[Extracted entries — start]

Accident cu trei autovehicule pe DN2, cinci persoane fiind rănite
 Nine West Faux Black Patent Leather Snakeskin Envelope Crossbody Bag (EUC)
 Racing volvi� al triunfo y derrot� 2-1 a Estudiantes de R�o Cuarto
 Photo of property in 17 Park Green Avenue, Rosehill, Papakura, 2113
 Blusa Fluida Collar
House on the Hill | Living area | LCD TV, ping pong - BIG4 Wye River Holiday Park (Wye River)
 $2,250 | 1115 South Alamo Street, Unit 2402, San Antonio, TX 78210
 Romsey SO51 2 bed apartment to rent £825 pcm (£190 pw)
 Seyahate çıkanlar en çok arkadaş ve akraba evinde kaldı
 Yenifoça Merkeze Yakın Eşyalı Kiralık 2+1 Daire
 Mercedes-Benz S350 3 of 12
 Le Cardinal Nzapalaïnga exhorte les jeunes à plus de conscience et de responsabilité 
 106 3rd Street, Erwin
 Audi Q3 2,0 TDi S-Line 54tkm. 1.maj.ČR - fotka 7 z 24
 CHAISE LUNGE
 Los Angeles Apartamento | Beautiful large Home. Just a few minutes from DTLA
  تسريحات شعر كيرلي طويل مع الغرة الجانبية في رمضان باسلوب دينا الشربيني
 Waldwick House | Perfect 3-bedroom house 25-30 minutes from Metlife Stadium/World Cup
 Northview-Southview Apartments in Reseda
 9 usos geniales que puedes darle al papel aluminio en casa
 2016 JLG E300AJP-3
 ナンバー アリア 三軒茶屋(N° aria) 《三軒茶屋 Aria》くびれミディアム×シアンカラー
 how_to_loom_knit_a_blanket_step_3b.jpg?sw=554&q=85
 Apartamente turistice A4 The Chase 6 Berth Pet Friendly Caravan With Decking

[Extracted entries — finish]

Write out the whole listing exactly.

Accident cu trei autovehicule pe DN2, cinci persoane fiind rănite
 Nine West Faux Black Patent Leather Snakeskin Envelope Crossbody Bag (EUC)
 Racing volvi� al triunfo y derrot� 2-1 a Estudiantes de R�o Cuarto
 Photo of property in 17 Park Green Avenue, Rosehill, Papakura, 2113
 Blusa Fluida Collar
House on the Hill | Living area | LCD TV, ping pong - BIG4 Wye River Holiday Park (Wye River)
 $2,250 | 1115 South Alamo Street, Unit 2402, San Antonio, TX 78210
 Romsey SO51 2 bed apartment to rent £825 pcm (£190 pw)
 Seyahate çıkanlar en çok arkadaş ve akraba evinde kaldı
 Yenifoça Merkeze Yakın Eşyalı Kiralık 2+1 Daire
 Mercedes-Benz S350 3 of 12
 Le Cardinal Nzapalaïnga exhorte les jeunes à plus de conscience et de responsabilité 
 106 3rd Street, Erwin
 Audi Q3 2,0 TDi S-Line 54tkm. 1.maj.ČR - fotka 7 z 24
 CHAISE LUNGE
 Los Angeles Apartamento | Beautiful large Home. Just a few minutes from DTLA
  تسريحات شعر كيرلي طويل مع الغرة الجانبية في رمضان باسلوب دينا الشربيني
 Waldwick House | Perfect 3-bedroom house 25-30 minutes from Metlife Stadium/World Cup
 Northview-Southview Apartments in Reseda
 9 usos geniales que puedes darle al papel aluminio en casa
 2016 JLG E300AJP-3
 ナンバー アリア 三軒茶屋(N° aria) 《三軒茶屋 Aria》くびれミディアム×シアンカラー
 how_to_loom_knit_a_blanket_step_3b.jpg?sw=554&q=85
 Apartamente turistice A4 The Chase 6 Berth Pet Friendly Caravan With Decking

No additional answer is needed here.